Where the data below contains pictures, omit them; output the rest word for word.

Provided data START

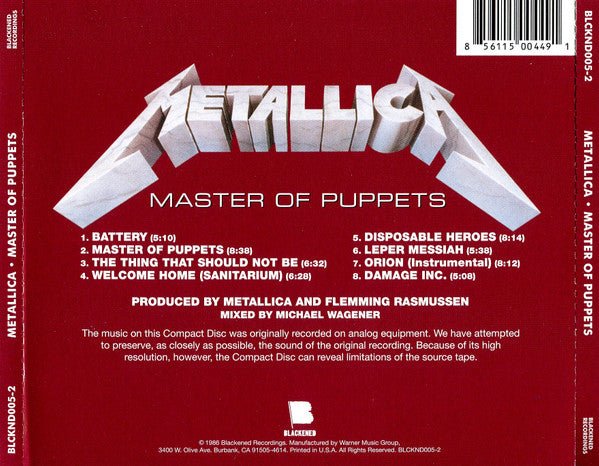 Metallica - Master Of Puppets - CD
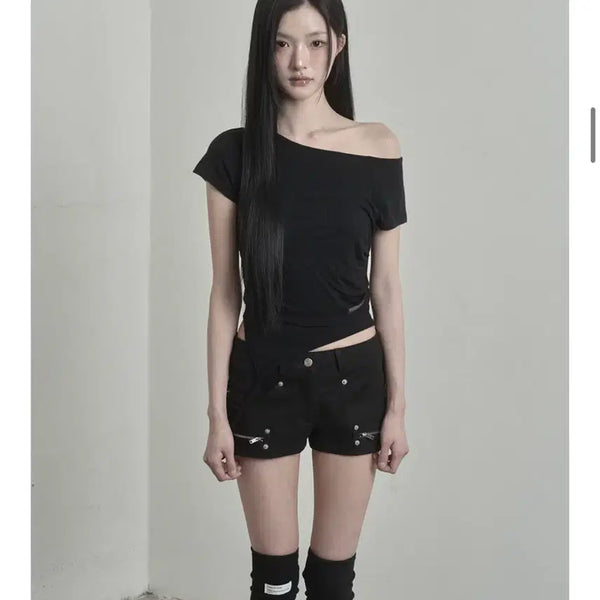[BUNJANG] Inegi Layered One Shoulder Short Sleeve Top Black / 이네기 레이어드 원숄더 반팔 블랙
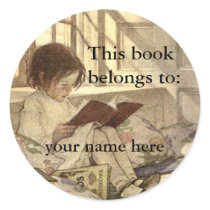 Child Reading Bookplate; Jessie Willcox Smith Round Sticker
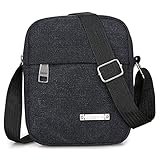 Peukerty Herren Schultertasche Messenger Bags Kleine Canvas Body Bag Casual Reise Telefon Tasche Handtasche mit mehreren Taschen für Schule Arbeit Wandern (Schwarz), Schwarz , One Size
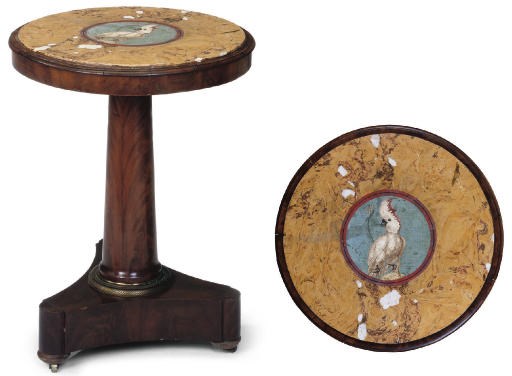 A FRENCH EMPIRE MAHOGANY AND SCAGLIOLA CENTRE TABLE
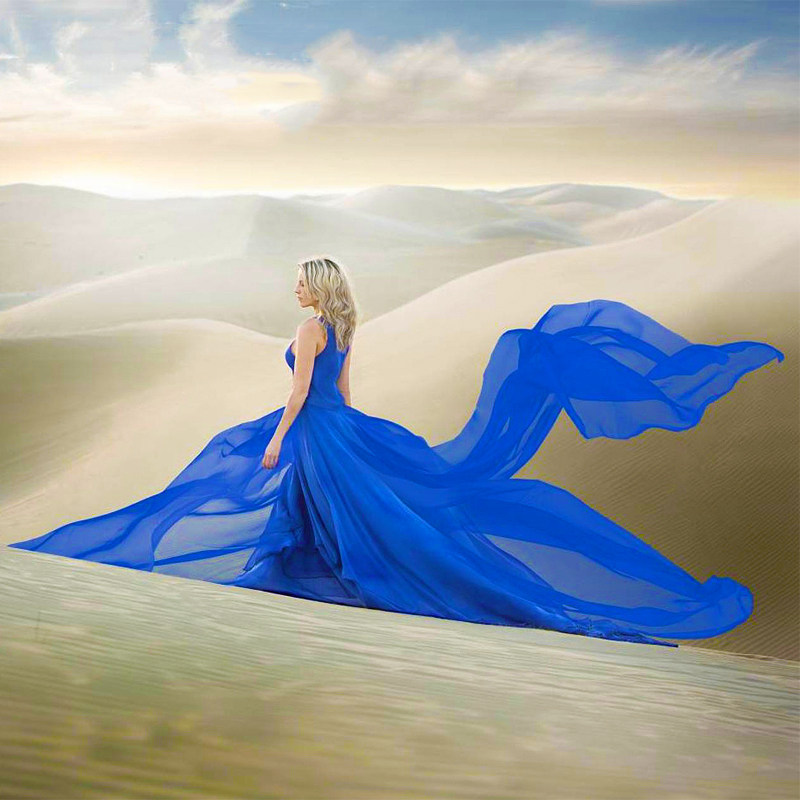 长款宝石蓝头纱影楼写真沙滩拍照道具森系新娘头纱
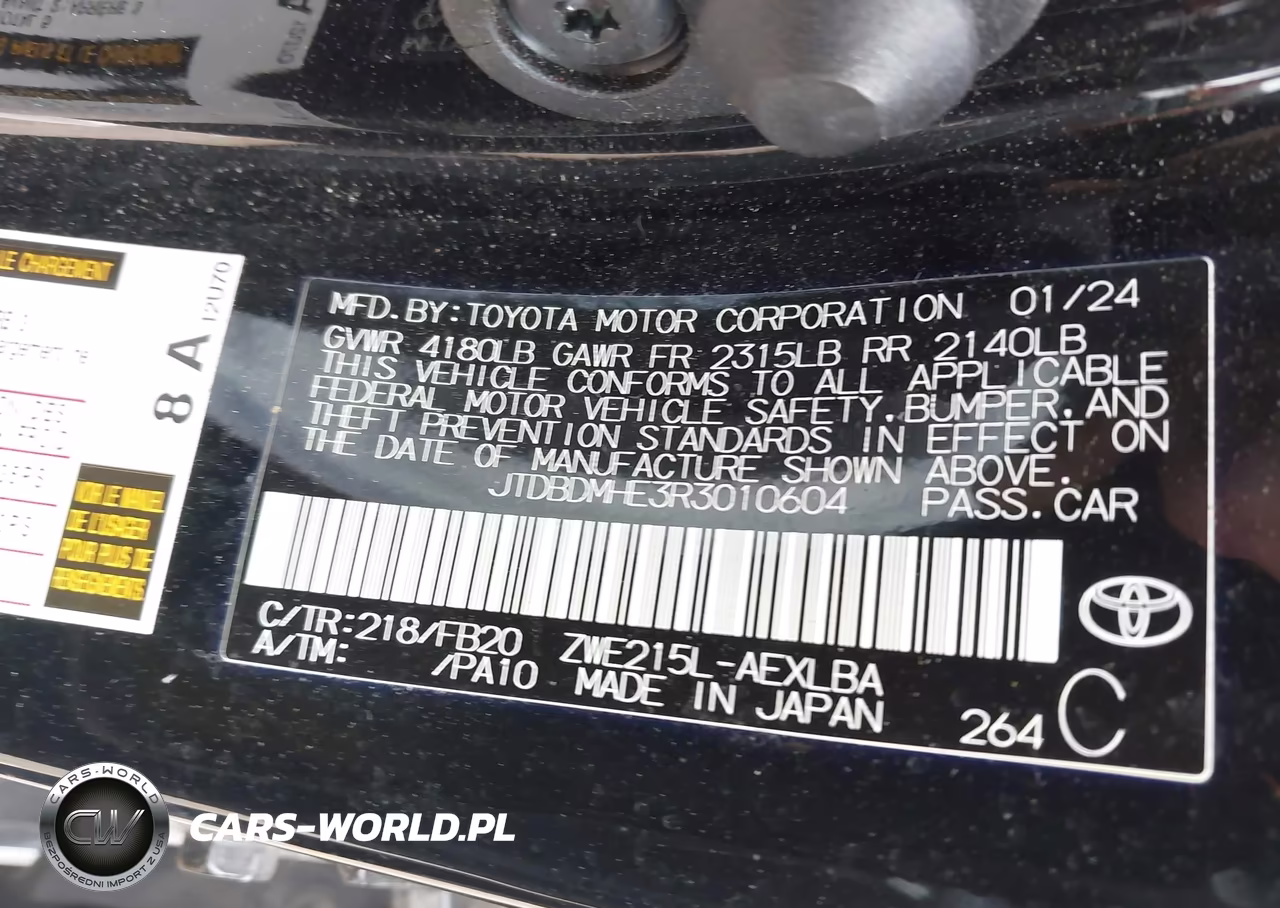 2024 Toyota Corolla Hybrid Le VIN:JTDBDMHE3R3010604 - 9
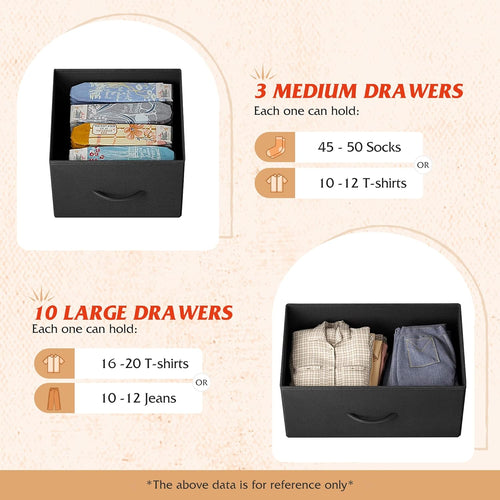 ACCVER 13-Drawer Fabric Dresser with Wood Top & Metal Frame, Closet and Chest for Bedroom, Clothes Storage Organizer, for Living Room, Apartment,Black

Provided data END

_Task result_
 Metallica - Master Of Puppets - CD
[BUNJANG] Inegi Layered One Shoulder Short Sleeve Top Black / 이네기 레이어드 원숄더 반팔 블랙
 Child Reading Bookplate; Jessie Willcox Smith Round Sticker
 Peukerty Herren Schultertasche Messenger Bags Kleine Canvas Body Bag Casual Reise Telefon Tasche Handtasche mit mehreren Taschen für Schule Arbeit Wandern (Schwarz), Schwarz , One Size
 A FRENCH EMPIRE MAHOGANY AND SCAGLIOLA CENTRE TABLE
 长款宝石蓝头纱影楼写真沙滩拍照道具森系新娘头纱
 2024 Toyota Corolla Hybrid Le VIN:JTDBDMHE3R3010604 - 9
 ACCVER 13-Drawer Fabric Dresser with Wood Top & Metal Frame, Closet and Chest for Bedroom, Clothes Storage Organizer, for Living Room, Apartment,Black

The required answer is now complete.